What you are asked to do: Reproduce, exactly and in full, only the lines below from the one containing "GREAT FALLS CHASE - Residential" through the one containing "Photo 21- click for photo gallery".

Record extracts:
+---+
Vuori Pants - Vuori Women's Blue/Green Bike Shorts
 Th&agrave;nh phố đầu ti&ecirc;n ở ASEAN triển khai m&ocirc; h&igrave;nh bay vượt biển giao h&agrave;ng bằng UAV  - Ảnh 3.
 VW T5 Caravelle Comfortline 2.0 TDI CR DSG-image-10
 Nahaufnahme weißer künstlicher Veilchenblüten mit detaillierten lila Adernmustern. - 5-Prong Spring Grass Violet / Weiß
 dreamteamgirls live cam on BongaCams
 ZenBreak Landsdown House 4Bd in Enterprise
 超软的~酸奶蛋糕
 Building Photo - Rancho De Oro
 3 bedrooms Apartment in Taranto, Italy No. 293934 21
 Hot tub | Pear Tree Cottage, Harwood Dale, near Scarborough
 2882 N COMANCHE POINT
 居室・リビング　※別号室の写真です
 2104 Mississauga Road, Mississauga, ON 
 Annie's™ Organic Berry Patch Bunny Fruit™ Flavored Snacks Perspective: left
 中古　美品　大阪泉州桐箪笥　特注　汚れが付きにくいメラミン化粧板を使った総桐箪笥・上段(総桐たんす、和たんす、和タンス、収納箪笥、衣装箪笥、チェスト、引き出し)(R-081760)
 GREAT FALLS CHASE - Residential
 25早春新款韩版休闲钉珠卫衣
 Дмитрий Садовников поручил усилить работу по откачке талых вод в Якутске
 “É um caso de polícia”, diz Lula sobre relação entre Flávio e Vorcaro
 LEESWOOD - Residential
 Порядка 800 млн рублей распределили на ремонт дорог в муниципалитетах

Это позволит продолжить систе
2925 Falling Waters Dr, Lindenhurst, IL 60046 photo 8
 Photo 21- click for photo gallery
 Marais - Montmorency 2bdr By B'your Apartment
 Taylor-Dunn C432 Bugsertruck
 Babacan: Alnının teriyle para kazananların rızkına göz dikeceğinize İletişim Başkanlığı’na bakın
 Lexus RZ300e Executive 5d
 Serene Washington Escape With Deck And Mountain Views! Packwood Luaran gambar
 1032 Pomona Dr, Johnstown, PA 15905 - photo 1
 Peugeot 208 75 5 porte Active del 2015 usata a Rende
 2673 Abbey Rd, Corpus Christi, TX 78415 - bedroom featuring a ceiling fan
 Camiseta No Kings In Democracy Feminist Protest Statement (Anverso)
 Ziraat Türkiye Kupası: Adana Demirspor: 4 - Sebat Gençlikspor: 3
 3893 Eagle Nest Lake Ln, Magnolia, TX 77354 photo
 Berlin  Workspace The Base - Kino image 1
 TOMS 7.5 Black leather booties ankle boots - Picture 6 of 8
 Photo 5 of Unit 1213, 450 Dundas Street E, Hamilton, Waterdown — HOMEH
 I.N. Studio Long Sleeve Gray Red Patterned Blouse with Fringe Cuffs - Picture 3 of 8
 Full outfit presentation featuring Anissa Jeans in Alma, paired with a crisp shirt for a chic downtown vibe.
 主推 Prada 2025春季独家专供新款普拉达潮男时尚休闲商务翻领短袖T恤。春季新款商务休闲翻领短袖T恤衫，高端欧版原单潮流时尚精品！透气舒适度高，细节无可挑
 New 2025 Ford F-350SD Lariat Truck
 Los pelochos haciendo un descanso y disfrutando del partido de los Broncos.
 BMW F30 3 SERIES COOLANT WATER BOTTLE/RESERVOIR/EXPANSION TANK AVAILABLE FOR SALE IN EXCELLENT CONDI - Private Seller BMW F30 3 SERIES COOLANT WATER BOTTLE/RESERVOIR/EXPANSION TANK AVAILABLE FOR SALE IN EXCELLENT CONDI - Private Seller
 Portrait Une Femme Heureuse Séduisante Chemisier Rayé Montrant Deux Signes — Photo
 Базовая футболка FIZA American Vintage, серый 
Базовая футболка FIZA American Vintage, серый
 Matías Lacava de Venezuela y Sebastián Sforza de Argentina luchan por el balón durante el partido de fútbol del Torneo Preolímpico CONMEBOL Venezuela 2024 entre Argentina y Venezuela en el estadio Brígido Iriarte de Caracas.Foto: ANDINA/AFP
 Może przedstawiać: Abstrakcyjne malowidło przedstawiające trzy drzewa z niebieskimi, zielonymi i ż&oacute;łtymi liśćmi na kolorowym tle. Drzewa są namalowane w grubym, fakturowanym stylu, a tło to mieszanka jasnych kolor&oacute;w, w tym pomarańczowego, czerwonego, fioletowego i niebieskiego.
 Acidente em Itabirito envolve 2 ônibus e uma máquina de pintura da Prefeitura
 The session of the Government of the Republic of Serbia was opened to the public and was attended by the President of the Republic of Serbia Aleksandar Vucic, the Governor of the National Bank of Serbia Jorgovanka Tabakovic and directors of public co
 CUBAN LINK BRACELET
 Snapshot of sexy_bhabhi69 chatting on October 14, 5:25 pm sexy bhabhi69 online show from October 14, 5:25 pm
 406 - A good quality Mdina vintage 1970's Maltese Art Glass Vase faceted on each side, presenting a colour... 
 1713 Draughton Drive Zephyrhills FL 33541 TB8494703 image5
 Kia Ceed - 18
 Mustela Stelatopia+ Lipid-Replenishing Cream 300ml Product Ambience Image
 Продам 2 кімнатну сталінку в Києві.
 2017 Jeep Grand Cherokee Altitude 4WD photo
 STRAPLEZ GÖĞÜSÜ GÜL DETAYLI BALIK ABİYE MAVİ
+---+
Exercise output:
 GREAT FALLS CHASE - Residential
 25早春新款韩版休闲钉珠卫衣
 Дмитрий Садовников поручил усилить работу по откачке талых вод в Якутске
 “É um caso de polícia”, diz Lula sobre relação entre Flávio e Vorcaro
 LEESWOOD - Residential
 Порядка 800 млн рублей распределили на ремонт дорог в муниципалитетах

Это позволит продолжить систе
2925 Falling Waters Dr, Lindenhurst, IL 60046 photo 8
 Photo 21- click for photo gallery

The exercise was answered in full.